Iniciou seus estudos em 1897 no Colégio São José de freiras católicas, situado à Rua da Glória. Aí foi alfabetizada. Posteriormente passou a estudar em escolas protestantes: na Escola Americana e em seguida no Mackenzie College onde, em 1906, recebeu o diploma de normalista.


Surge a Pintora

Nesse meio tempo faleceu Samuel Malfatti, esteio moral e financeiro da família. Sem recursos para o sustento dos filhos, Dona Betty Krug passa a dar aulas particulares de idiomas e também de desenho e pintura. Chegou a submeter-se à orientação do pintor Carlo de Servi para com mais segurança ensinar suas discípulas. Anita Malfatti acompanhava as aulas e nelas tomava parte. Foi portanto sua própria mãe quem lhe ensinou os rudimentos das artes plásticas.

"Eu tinha 13 anos, e sofria porque não sabia que rumo tomar na vida. Nada ainda me revelara o fundo da minha sensibilidade (...) Resolvi, então, me submeter a uma estranha experiência: sofrer a sensação absorvente da morte. Achava que uma forte emoção, que me aproximasse violentamente do perigo, me daria a decifração definitiva da minha personalidade. E veja o que fiz. Nossa casa ficava próxima da estação da Barra Funda. Um dia saí de casa, amarrei fortemente as minhas tranças de menina, deitei-me debaixo dos dormentes e esperei o trem passar por cima de mim. Foi uma coisa horrível, indescritível. O barulho ensurdecedor, a deslocação de ar, a temperatura asfixiante deram-me uma impressão de delírio e de loucura. E eu via cores, cores e cores riscando o espaço, cores que eu desejaria fixar para sempre na retina assombrada. Foi a revelação: voltei decidida a me dedicar à pintura."
(Anita Malfatti)

Anita Malfatti  -  "A Estudante"
Alemanha

Anita Malfatti pretendia estudar em Paris, mas sem a ajuda do pai, parecia impossível, tendo em vista que sua avó vivia entrevada numa cama e sua mãe passava o dia dando aulas de pintura e de idiomas.
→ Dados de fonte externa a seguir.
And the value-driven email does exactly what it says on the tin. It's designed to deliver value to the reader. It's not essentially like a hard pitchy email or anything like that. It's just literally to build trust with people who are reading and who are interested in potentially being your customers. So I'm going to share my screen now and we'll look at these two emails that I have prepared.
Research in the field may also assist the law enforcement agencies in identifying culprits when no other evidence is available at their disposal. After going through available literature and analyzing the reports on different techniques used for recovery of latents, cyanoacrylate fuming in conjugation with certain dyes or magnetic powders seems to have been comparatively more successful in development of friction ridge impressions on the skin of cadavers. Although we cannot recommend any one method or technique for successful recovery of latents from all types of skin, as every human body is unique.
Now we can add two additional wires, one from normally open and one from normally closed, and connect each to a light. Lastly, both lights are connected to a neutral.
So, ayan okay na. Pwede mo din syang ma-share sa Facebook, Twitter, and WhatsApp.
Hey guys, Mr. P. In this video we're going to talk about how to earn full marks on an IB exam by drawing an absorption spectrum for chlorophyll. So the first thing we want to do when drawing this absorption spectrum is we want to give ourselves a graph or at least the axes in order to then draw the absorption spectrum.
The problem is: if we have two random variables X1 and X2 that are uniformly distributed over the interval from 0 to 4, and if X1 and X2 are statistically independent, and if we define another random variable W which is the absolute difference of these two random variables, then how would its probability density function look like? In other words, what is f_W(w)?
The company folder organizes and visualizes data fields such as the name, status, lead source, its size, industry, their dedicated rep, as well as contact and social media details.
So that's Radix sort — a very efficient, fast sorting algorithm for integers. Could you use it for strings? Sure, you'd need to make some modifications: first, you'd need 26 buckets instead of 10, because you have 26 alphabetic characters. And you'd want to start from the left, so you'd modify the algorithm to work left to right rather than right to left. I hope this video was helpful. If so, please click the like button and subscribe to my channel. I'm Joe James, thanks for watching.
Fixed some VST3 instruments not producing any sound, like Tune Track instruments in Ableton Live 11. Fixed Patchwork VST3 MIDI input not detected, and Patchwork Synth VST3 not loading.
Anita Malfatti tinha umas amigas, as irmãs Shalders, que iam viajar à Europa para estudar música. Assim surgiu a ideia de acompanhá-las à Alemanha e seu tio e padrinho, o engenheiro Jorge Krug, aceitou financiar a viagem.

Anita Malfatti e as Shalders chegaram em Berlim em 1910, ano marcante na história da Arte Moderna Alemã.
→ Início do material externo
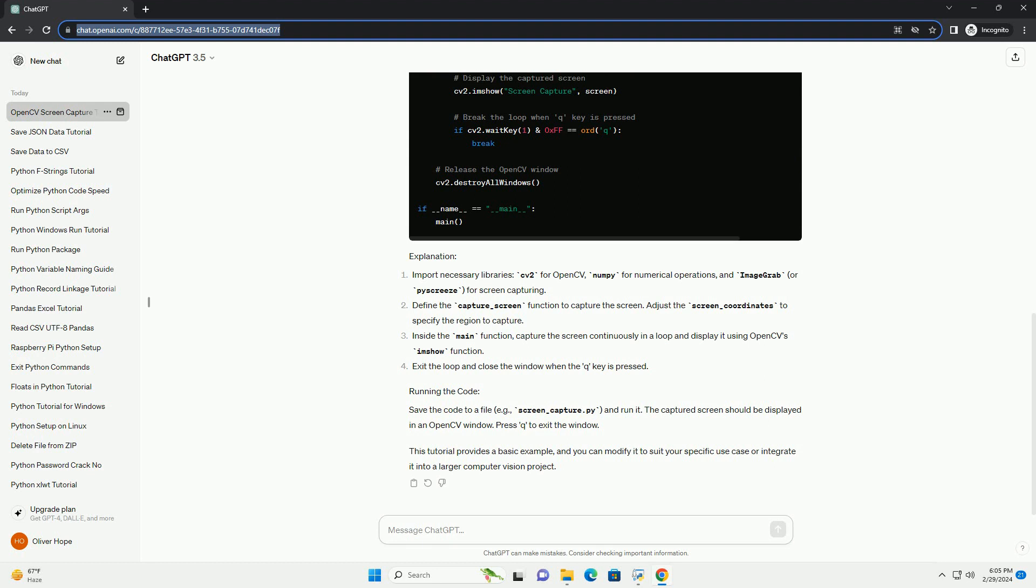Save the code to a file, example screen_capture.py, and run it.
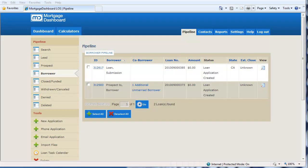Mortgage Dashboard provides a user-friendly workflow process allowing users to submit a file to processing or later to underwriting.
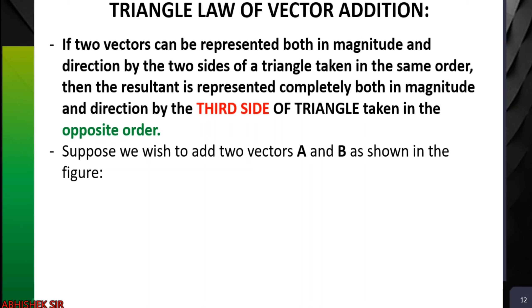Starting with the first law: the triangle law of vector addition. Statement: if two vectors can be represented both in magnitude and direction by two sides of a triangle taken in the same order, then the resultant is represented completely both in magnitude and direction by the third side of the triangle taken in the opposite order.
"Os acontecimentos precipitavam-se tão depressa, que eu me lembro de ter vivido como dentro de um sonho. Nada do que acontecia se assemelhava com o que havia acontecido no Brasil."

"Comprei incontinente uma porção de tintas, e a festa começou."
(Anita Malfatti)

Berlim era então o grande centro musical da Europa. O grupo Die Brucke fazia diversas exposições expressionistas e foi na Alemanha que Anita Malfatti travou contato com a vanguarda europeia. Acompanhando suas amigas às aulas no centro musical, acabou recebendo a sugestão para estudar no ateliê do artista Fritz Burger.

Fritz Burger era um retratista que dominava a técnica impressionista. Foi o primeiro mestre de Anita Malfatti. Ao mesmo tempo, ela prestou os exames para ingressar na Real Academia de Belas Artes o que efetivamente aconteceu no início do ano letivo.

Durante as férias de verão, Anita Malfatti e as amigas foram às montanhas de Harz, em Treseburg, região frequentada por pintores. Continuando sua viagem, visitou a 4° Sonderbund, uma exposição que aconteceu em Colônia na Alemanha, na qual conheceu trabalhos de pintores modernos, incluindo-se o até hoje tão admirado Van Gogh.

Teve aulas também com Lovis Corinth nome bem mais conhecido do que seu primeiro mestre. Lovis Corinth, um tipo bem germânico, não tinha a menor paciência com seus alunos. Mas com Anita Malfatti era diferente. Talvez porque se identificasse com ela. Alguns anos antes sofrera um AVC que, como sequela, tal como a aluna, lhe deixara alguma dificuldade motora na mão direita.

Anita Malfatti estava cada vez mais interessada pela pintura expressionista, desejava aprender sua técnica. Em 1913, iniciou aulas com o professor Ernest Bischoff Culm da mesma escola de Lovis Corinth.

Com a instabilidade causada pela aproximação da guerra, Anita Malfatti resolveu deixar Berlim, antes passando por Paris.

Anita Malfatti  -  "A Boba"
1914 - Primeira Exposição Individual

"Voltando ao Brasil, só me perguntavam pela Mona Lisa, pela glória da Renascença, e eu… nada."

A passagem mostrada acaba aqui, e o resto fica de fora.